#### EXCERPTED DATA ####

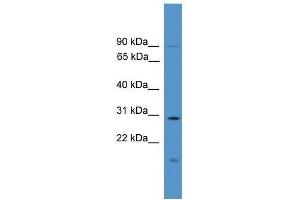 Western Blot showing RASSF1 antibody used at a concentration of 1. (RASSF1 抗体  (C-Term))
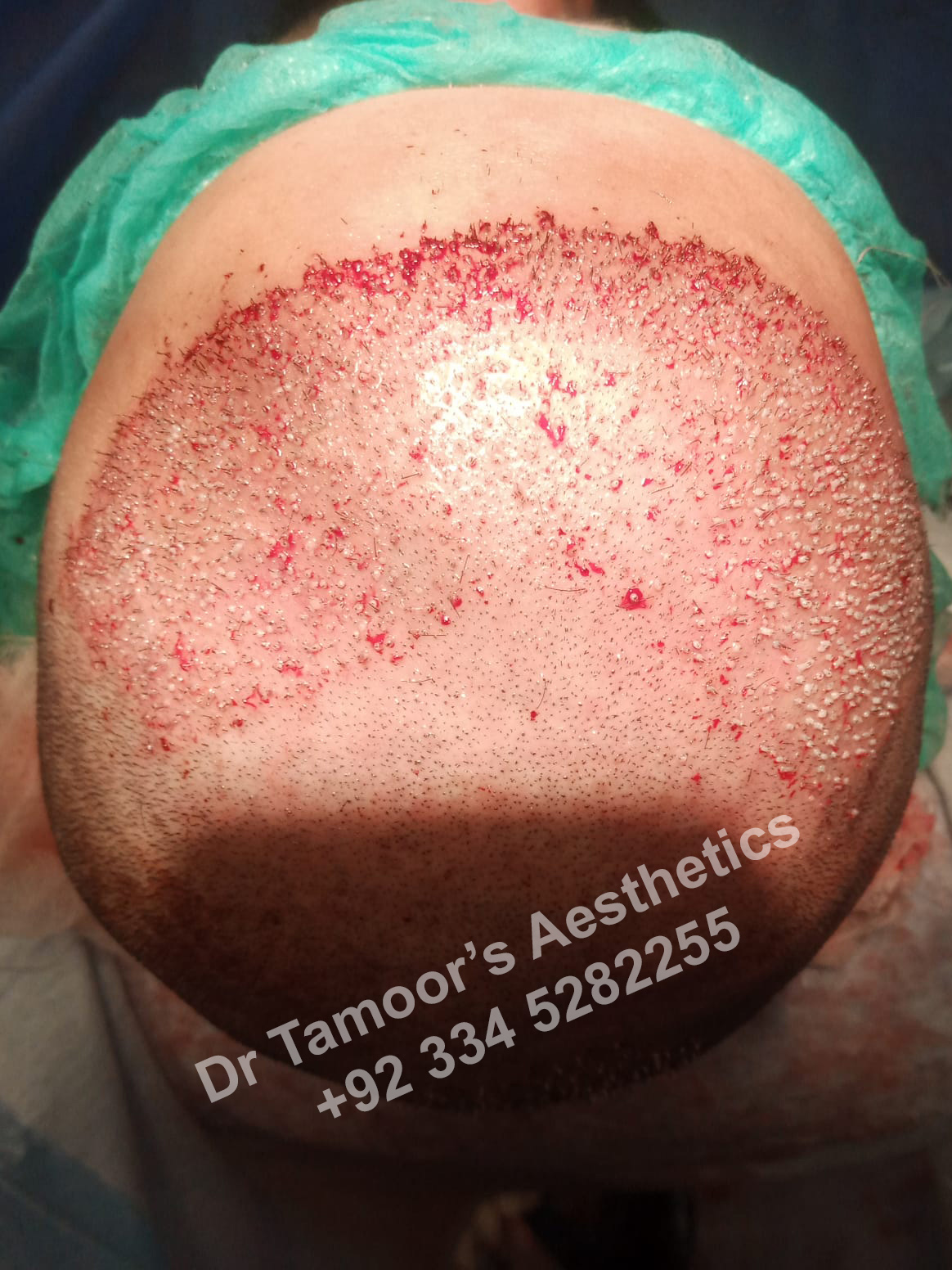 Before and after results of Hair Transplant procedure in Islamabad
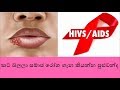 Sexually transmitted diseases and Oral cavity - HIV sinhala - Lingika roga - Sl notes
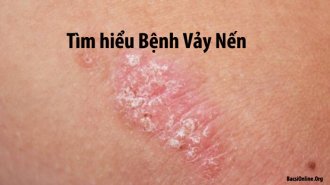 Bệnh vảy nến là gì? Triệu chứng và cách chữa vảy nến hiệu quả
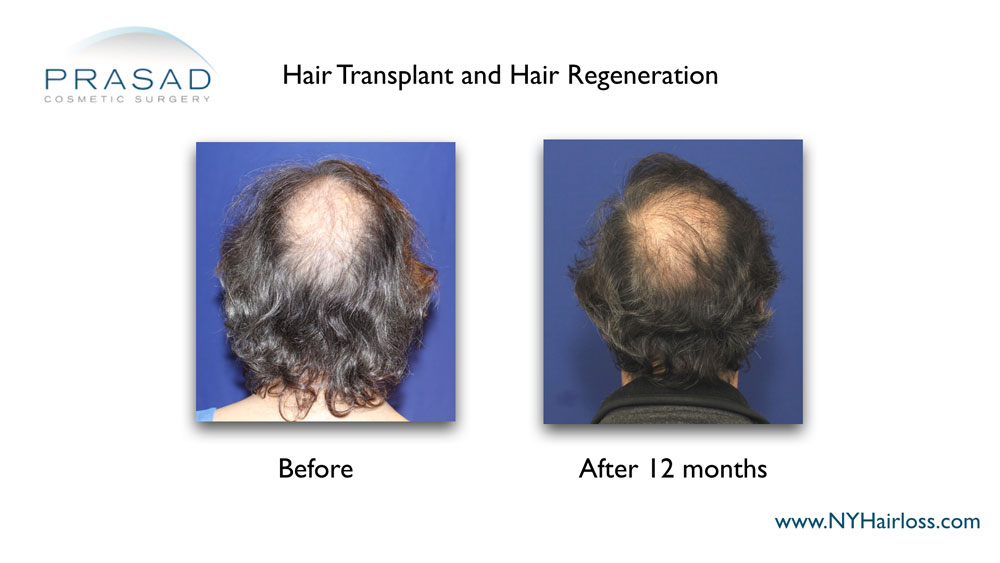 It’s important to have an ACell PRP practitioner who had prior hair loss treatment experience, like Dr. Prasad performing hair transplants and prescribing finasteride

####

— YOUR GOAL —
Provide an exact copy of the records, excluding every picture.

— EXPECTED ANSWER —
 Western Blot showing RASSF1 antibody used at a concentration of 1. (RASSF1 抗体  (C-Term))
 Before and after results of Hair Transplant procedure in Islamabad
 Sexually transmitted diseases and Oral cavity - HIV sinhala - Lingika roga - Sl notes
 Bệnh vảy nến là gì? Triệu chứng và cách chữa vảy nến hiệu quả
 It’s important to have an ACell PRP practitioner who had prior hair loss treatment experience, like Dr. Prasad performing hair transplants and prescribing finasteride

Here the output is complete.